■ EXCERPTED RECORDS:
☆ ☆ ☆ ☆ ☆
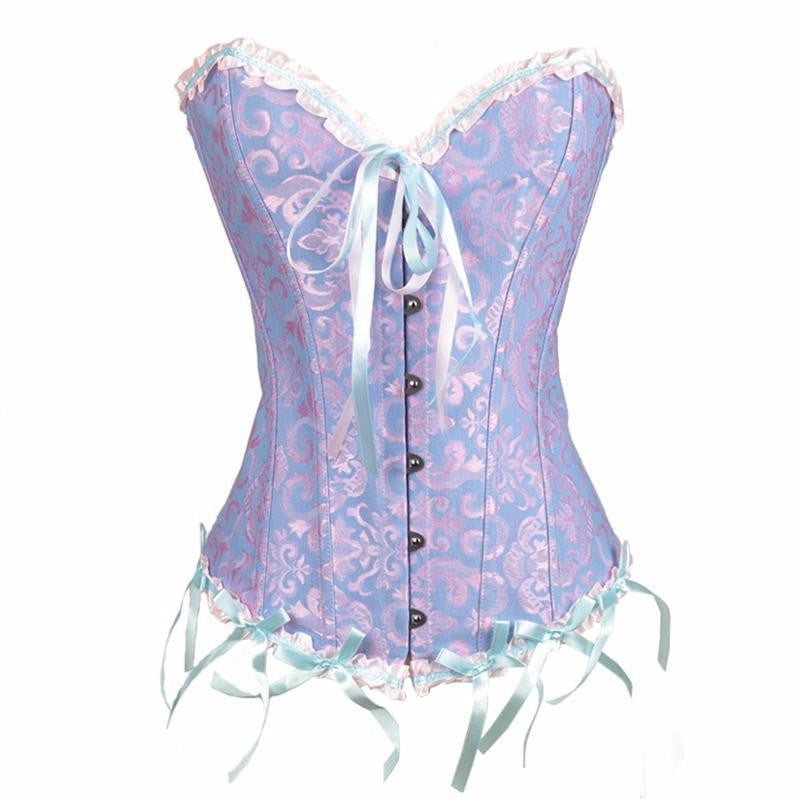 Women Flower Pattern Strapless Bustier Corset - Sins & Temptations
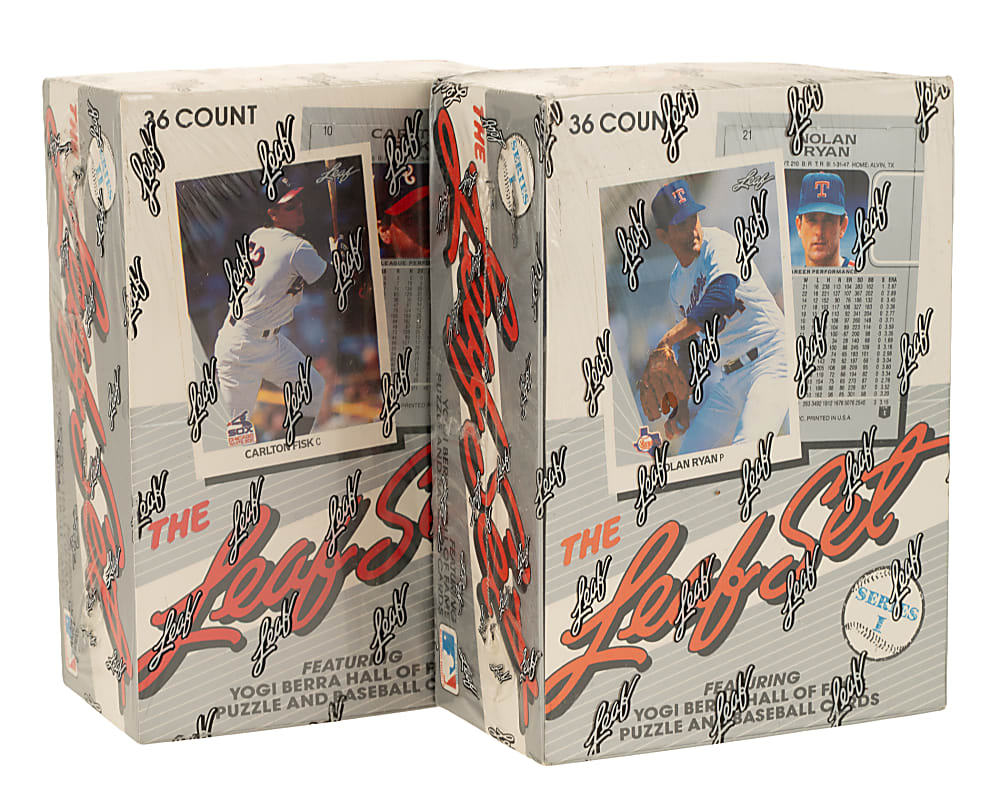 1990 Leaf First and Second Series Factory-Sealed Unopened Wax Box Pair (2 Boxes, 72 Packs)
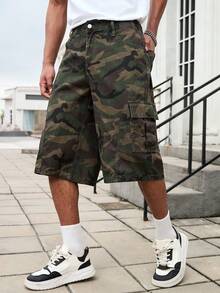 GALLERY FADE 男士休闲街头风多口袋做旧迷彩牛仔短裤 - 軍綠色 - 查看 6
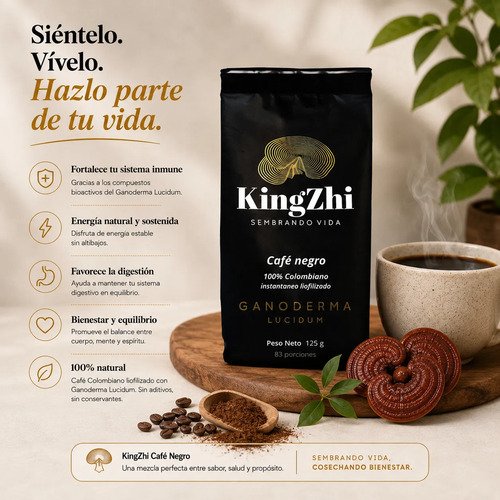 Café Negro Premium Liofilizado Con Ganoderma Lucidum 125g - Imagen 8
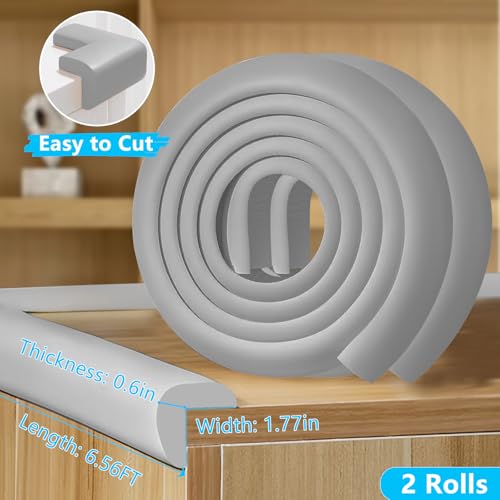 Image of ZOMPAGO Baby Edge Protector 2 Roll (13FT) Corner Guards - Grey Foam Furniture Corner Protectors - Baby Proof Corners and Edges for Table, Wall, Bed Frame - Baby Proofing Safety Bumpers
☆ ☆ ☆ ☆ ☆
■ EXERCISE AIM:
Would you mind repeating the records above exactly, without the pictures?

■ EXPECTED ANSWER:
 Women Flower Pattern Strapless Bustier Corset - Sins & Temptations
 1990 Leaf First and Second Series Factory-Sealed Unopened Wax Box Pair (2 Boxes, 72 Packs)
 GALLERY FADE 男士休闲街头风多口袋做旧迷彩牛仔短裤 - 軍綠色 - 查看 6
 Café Negro Premium Liofilizado Con Ganoderma Lucidum 125g - Imagen 8
 Image of ZOMPAGO Baby Edge Protector 2 Roll (13FT) Corner Guards - Grey Foam Furniture Corner Protectors - Baby Proof Corners and Edges for Table, Wall, Bed Frame - Baby Proofing Safety Bumpers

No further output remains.